Scraped caption text data
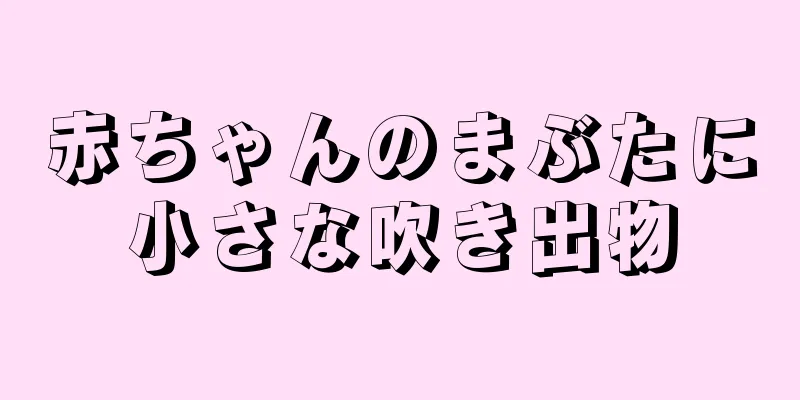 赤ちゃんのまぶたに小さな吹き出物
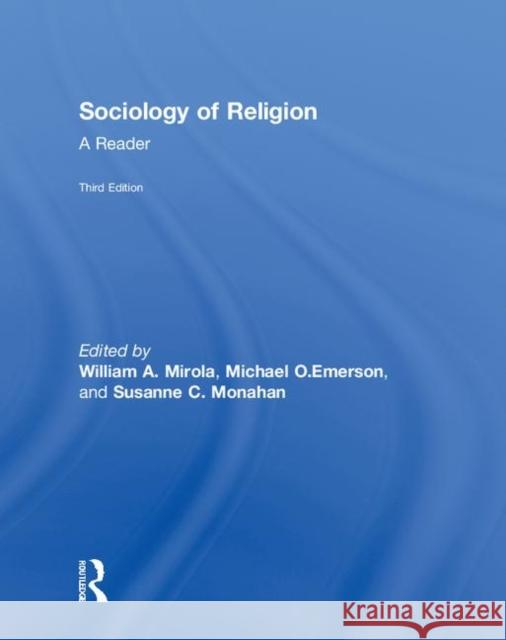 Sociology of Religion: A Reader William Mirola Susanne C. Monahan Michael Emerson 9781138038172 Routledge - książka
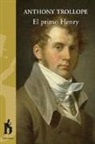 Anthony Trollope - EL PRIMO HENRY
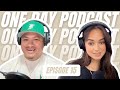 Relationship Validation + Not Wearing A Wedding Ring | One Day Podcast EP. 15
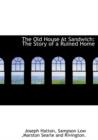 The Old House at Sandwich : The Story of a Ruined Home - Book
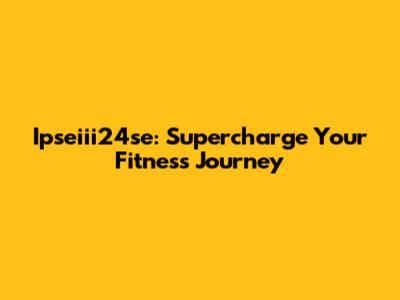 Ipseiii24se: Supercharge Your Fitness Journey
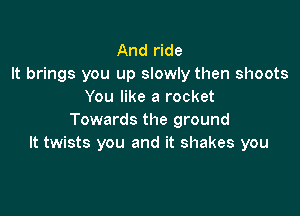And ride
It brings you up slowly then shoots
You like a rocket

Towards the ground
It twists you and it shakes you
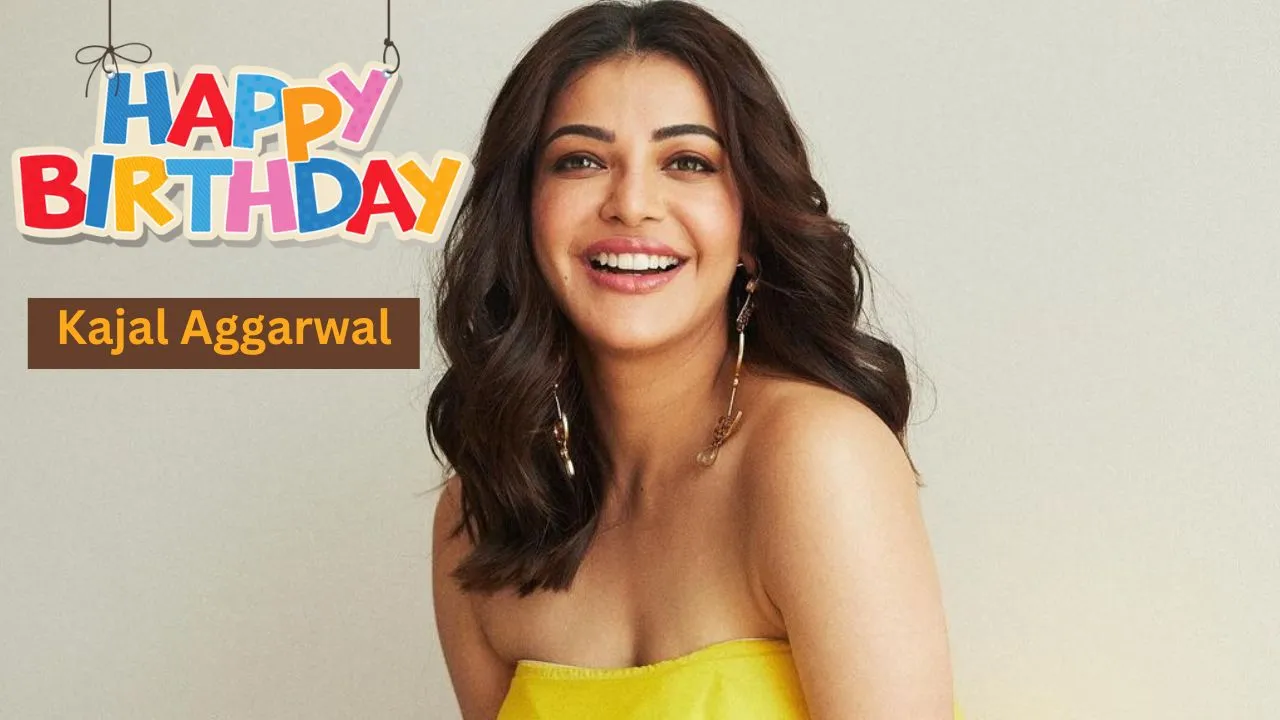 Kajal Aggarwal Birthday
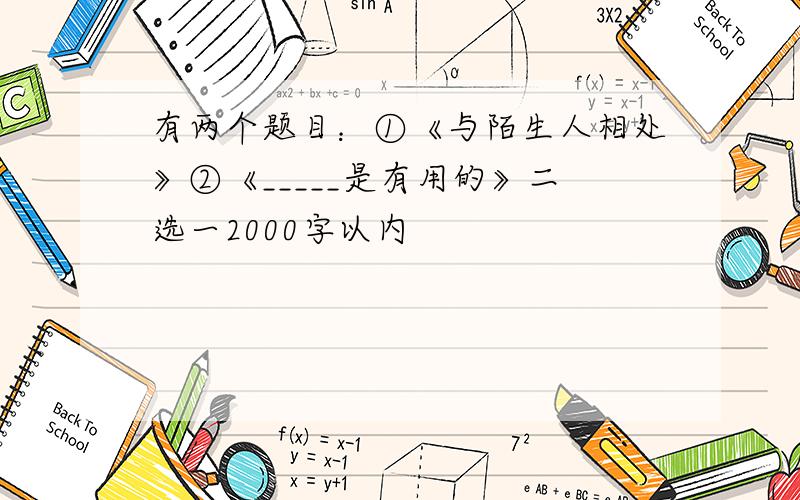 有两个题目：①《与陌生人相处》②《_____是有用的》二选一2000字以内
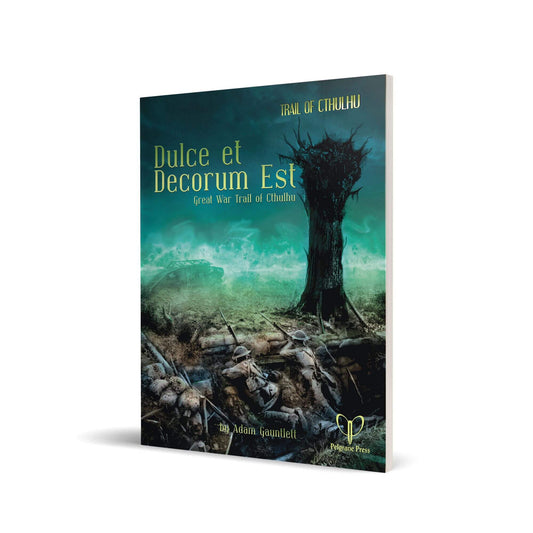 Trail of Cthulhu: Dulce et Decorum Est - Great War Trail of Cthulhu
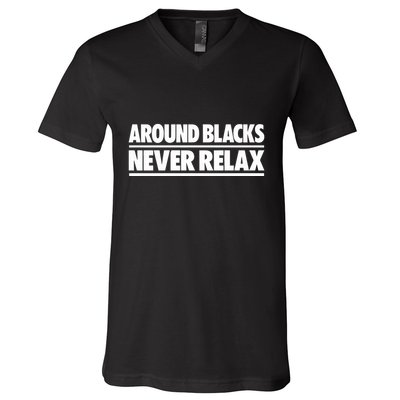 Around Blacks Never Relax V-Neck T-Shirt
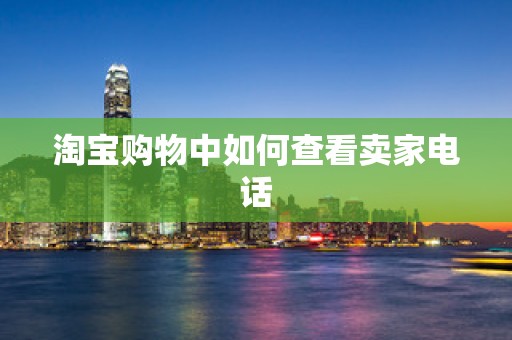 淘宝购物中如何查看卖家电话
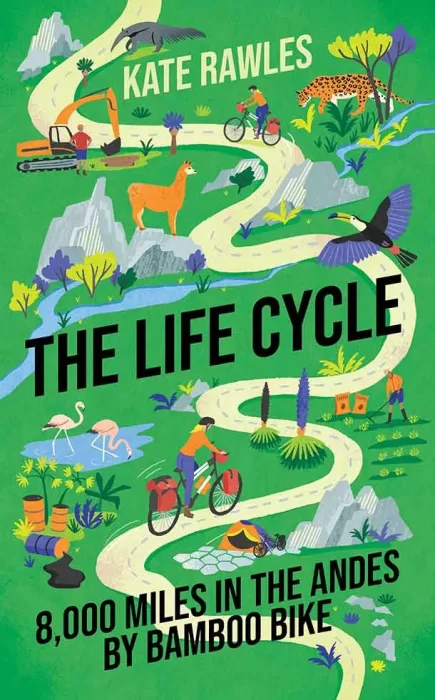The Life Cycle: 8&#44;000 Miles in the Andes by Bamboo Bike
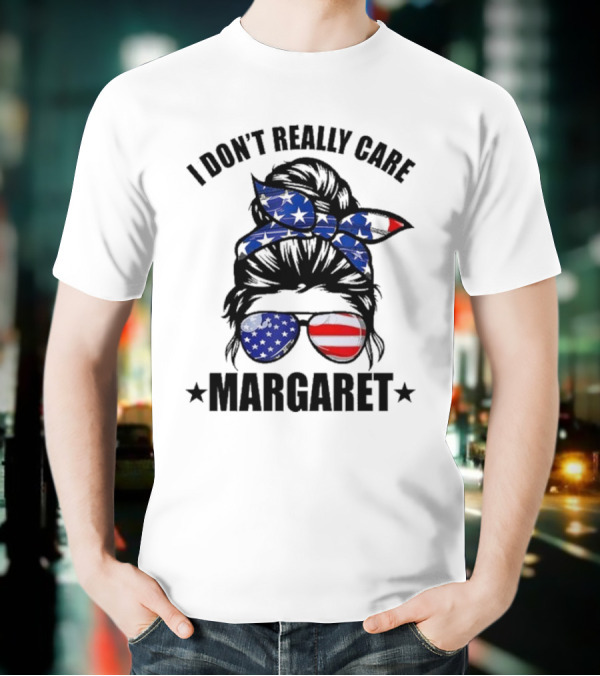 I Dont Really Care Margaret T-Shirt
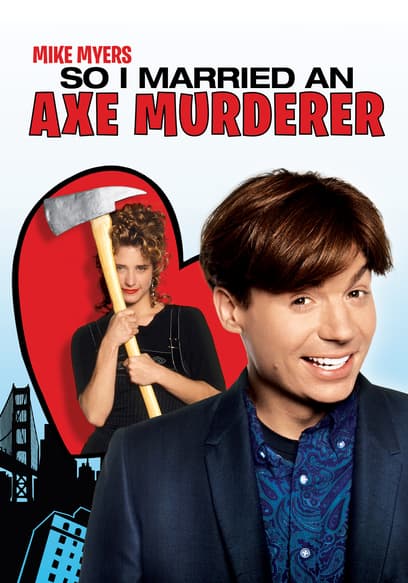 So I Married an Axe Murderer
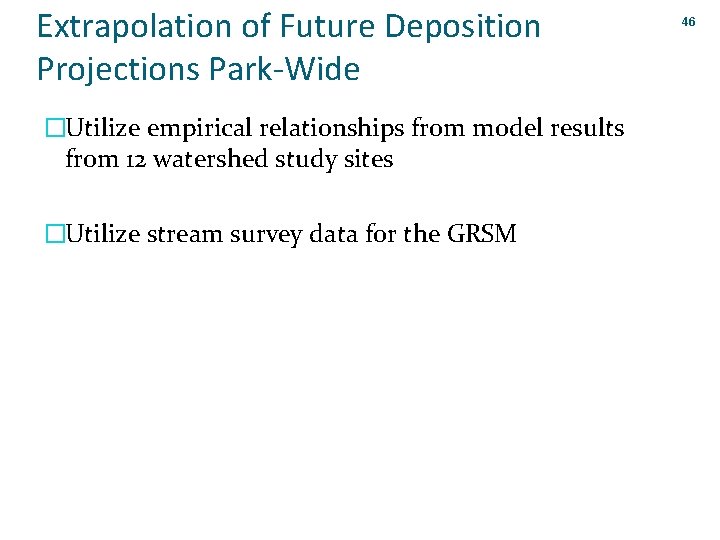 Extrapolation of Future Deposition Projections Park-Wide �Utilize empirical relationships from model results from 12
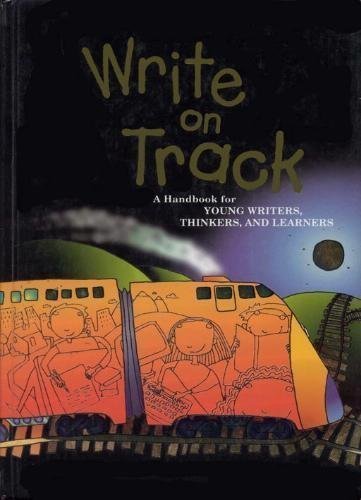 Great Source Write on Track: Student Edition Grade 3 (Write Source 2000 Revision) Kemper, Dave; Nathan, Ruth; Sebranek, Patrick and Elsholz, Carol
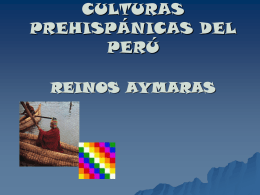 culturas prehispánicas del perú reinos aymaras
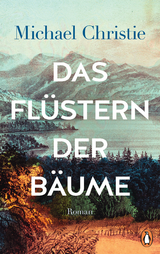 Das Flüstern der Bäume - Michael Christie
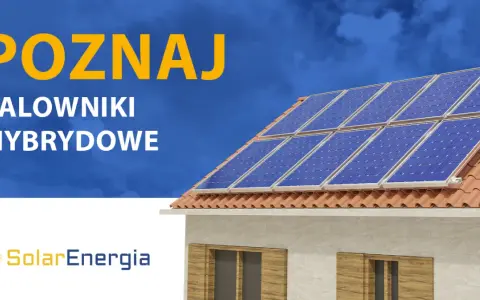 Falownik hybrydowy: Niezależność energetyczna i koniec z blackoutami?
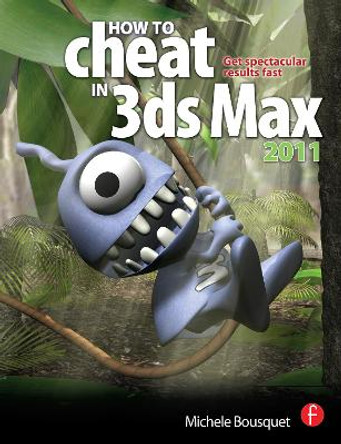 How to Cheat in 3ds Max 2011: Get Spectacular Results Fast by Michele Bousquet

→ Work instruction: Print the lines from the one that contains "Around Blacks Never Relax V-Neck T-Shirt" through the last line of the data, exactly and in full, and no other lines. Pictures are not part of the copy.

→ Response below:
 Around Blacks Never Relax V-Neck T-Shirt
 淘宝购物中如何查看卖家电话
The Life Cycle: 8&#44;000 Miles in the Andes by Bamboo Bike
 I Dont Really Care Margaret T-Shirt
 So I Married an Axe Murderer
 Extrapolation of Future Deposition Projections Park-Wide �Utilize empirical relationships from model results from 12
 Great Source Write on Track: Student Edition Grade 3 (Write Source 2000 Revision) Kemper, Dave; Nathan, Ruth; Sebranek, Patrick and Elsholz, Carol
 culturas prehispánicas del perú reinos aymaras
 Das Flüstern der Bäume - Michael Christie
 Falownik hybrydowy: Niezależność energetyczna i koniec z blackoutami?
 How to Cheat in 3ds Max 2011: Get Spectacular Results Fast by Michele Bousquet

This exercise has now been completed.